Tackling climate change feels like it should be an apolitical issue. However, in recent years centre-left parties have been increasingly backing pro-climate policies, whilst the right remains largely unmoved. This divide has politicised the climate issue, transforming every common-sense method to tackle climate change into a political grenade, waiting to explode in the hands of whoever holds it. But, what role do political beliefs play in climate activism? 

To begin with, it is worth highlighting three key components in the fight against climate change. Firstly, there is the assessment of the problem – essentially whether protecting the planet is necessary at all. Next, are the measures taken to protect it. Finally, there are the groups that influence political parties.

Tackling climate change feels like it should be an apolitical issue

So, how do different political ideologies treat the problem of climate change? In recent years, the right has generally become more sceptical of climate science. A 2017 study by The Conversation found that 92% of Democrats versus 52% of Republicans believed in the existence of global warming. The reason for this divide is thought to be due to “a lack of knowledge or understanding of the causes of climate change, a lack of sense of urgency or insufficient awareness about the issue”. 

But, if climate change is a global issue, perhaps it would be better left to international organisations. The United Nations has a programme dedicated to the environment. It focuses especially on building a ‘Green Economy’ that is low-carbon, resource-efficient, and socially inclusive.

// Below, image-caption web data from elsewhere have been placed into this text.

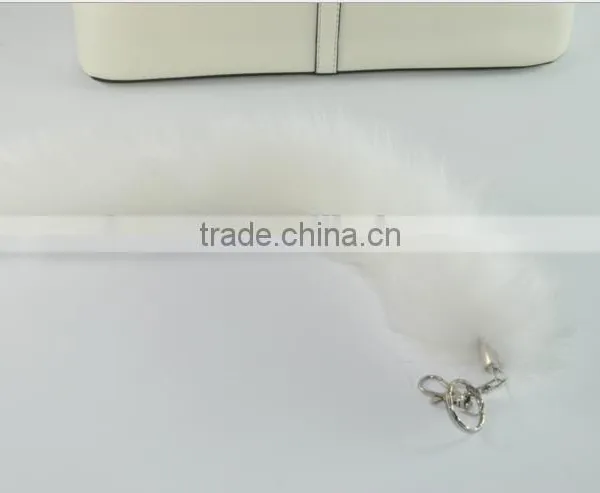 Manufacturers Supply Fox Tail Artificial Fur Tail Pendant Phone Pendant Bag Pendant photo-3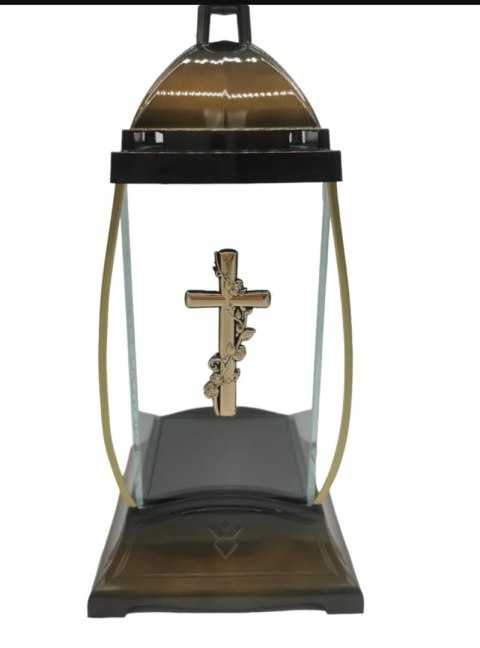 NOWOCZESNY ZNICZ ZŁOTA BARYŁKA KAPLICZKA MASYWNA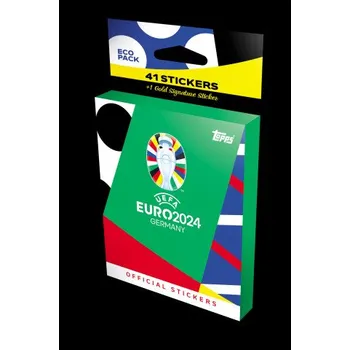 Sběratelská karetní hra Euro 2024 Topps Stickers Eco Pack 1 szt. mix (PL)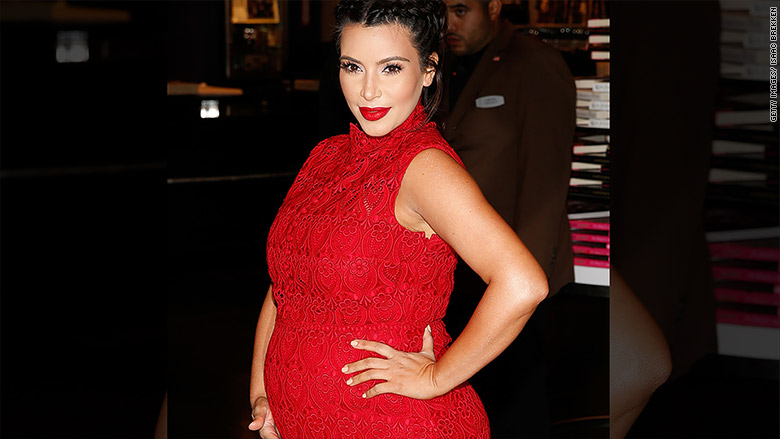 kim k baby bump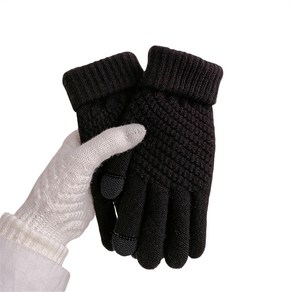 명양피프 엠보싱 여성 겨울 니트 장갑 따듯한 winte gloves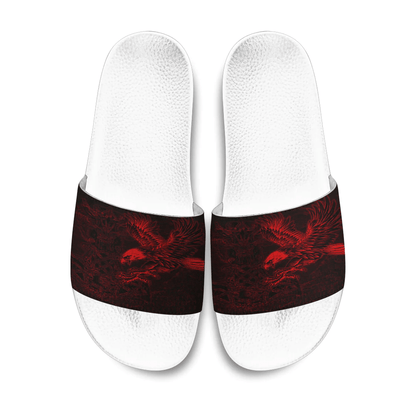 Slide Sandals Raven Mjolnir Red Viking Slide Sandals
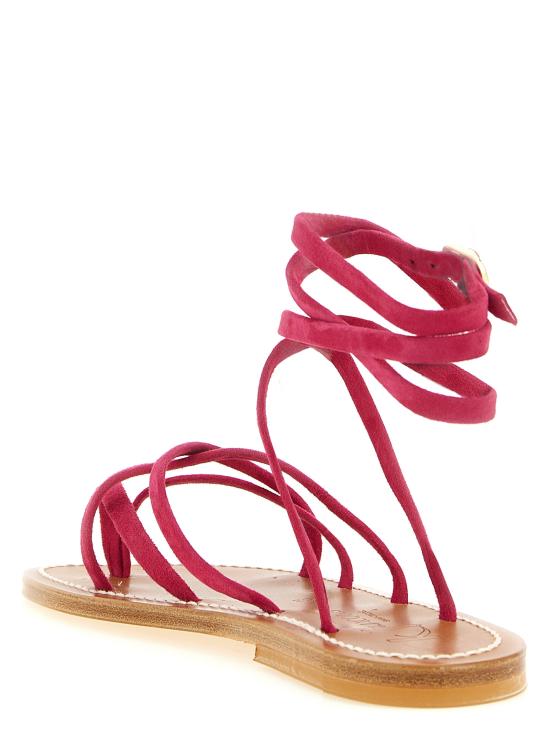 26FW 케이자크 샌들 ZENOBIEBGVELFRAMBOISE Fuchsia - K JACQUES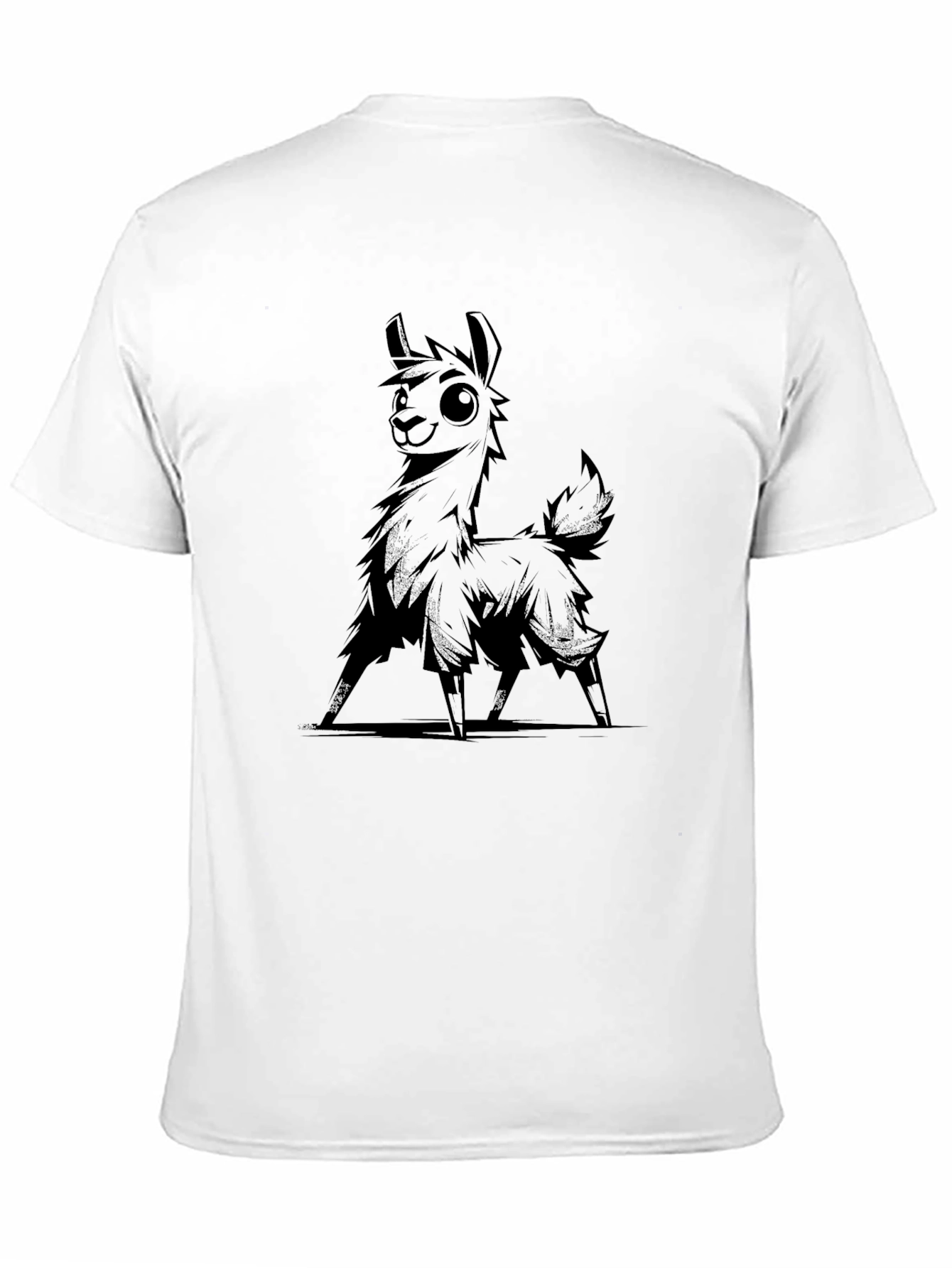 Cool Llama Graphic Black T-Shirt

Historically, mainstream left-wing parties have been much more globalist than their rivals on the right. Likewise, the issue of climate runs contrary to individualism – a policy favoured by right-wing voters. Both of these factors suggest that there may in fact be something inherently left-wing about the issue of climate change.

The issue of climate runs contrary to individualism – a policy favoured by right-wing voters

‘The Green New Deal,’ trumpeted by both the Democrats in America and the Green Party in England and Wales, involves massive state intervention to help tackle the climate crisis. For enormous collective action problems such as climate change, interventionist approaches are simply more effective. Though market-driven approaches to tackling climate change are possible, such as the ‘Cap and Trade’ scheme introduced in the European Union (EU) in 2005, interventions of this kind run contrary to laissez-faire capitalism.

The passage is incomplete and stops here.